The seed for the Glen Helen series was planted in 1977, when I walked into the Pace Gallery in New York City and found Lee Krasner surrounded by a series of new works constructed from her drawings from her art student days. The force of her recycled work stayed with me, not just as powerful imagery, but also because of the questions it posed. Why do we save our student drawings? Are we able to collaborate with our younger selves?
The Glen Memories series grew from that encounter. What I did not know then is that the series that would be my (first) recycled series was my least successful group of early drawings from 1968, when I was studying “Natural History in the Glen.” The raw quality of the Glen drawings never reached the level of my other student work, and so I put the notebook away, frustrated that I had wasted my time by neither learning natural history nor successfully drawing from nature.
In the summer of 2007, I found that notebook of drawings, and knew that I could salvage that work by digitizing and recombining. Soon thereafter, I revisited Ohio for the first time in 30 years with a digital camera in hand. After photographing the sites of my original drawings, I subsequently fused these photos with the scanned, colorized pen and ink drawings.
Just as Krasner’s recycled figurative work emerged as abstract expressionist, my own recycled Glen Helen images represent wandering from analogue to digital, from student artist to mature artist, from black and white to color. As a body, the works speak to the aesthetic changes of our generation, and the conceptual and technical space between pen and ink, digital photography, and the layers of modern compositing. The melding of drawing and photograph reveal surprising similarities that were not evident in the uncooked original drawings, nor in the untouched digital photographs. In the intertwining process, I discovered the magical flow of natural form that only comes alive in that in-between space, and in this collaboration with my younger self.

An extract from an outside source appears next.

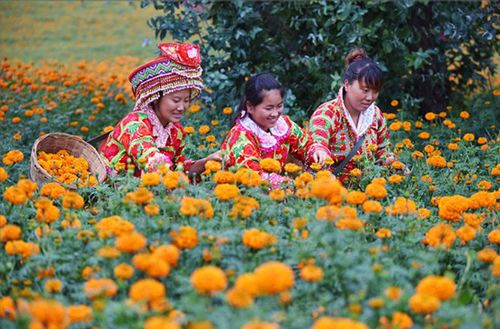 推12條休閑農業和鄉村旅游推介線路,向廣大游客推介建水休閑觀光農業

As an artist who was trained in the age of Abstract Expressionist painting, my use of representational imagery developed in lockstep with new technology. In the pre-scanning era, my early digital work focused on compositional structure, incorporating influences from a number of diverse cultures. As scanning and digital photography became available, the imagery gradually moved into representations and responses to specific sites of Cultural Heritage. This work was recognized with multiple grants from the Connecticut Commission on the Arts, the Memorial Foundation for Jewish Culture, the New England Foundation on the Arts, and artist residencies in France, Canada, Israel, and Scotland, with showings of the work in festivals, museums, and arts centers around the world, including numerous SIGGRAPH art shows. Currently, I am investigating the incorporation of microscopic plankton into my work, thinking about the hidden aspects of our environment. I am also continuing to animate the Glen series, bringing it to a collaboration with a musical composer. The merger of representation and abstraction, of the real and of the sensations of experience, remain an ongoing interest.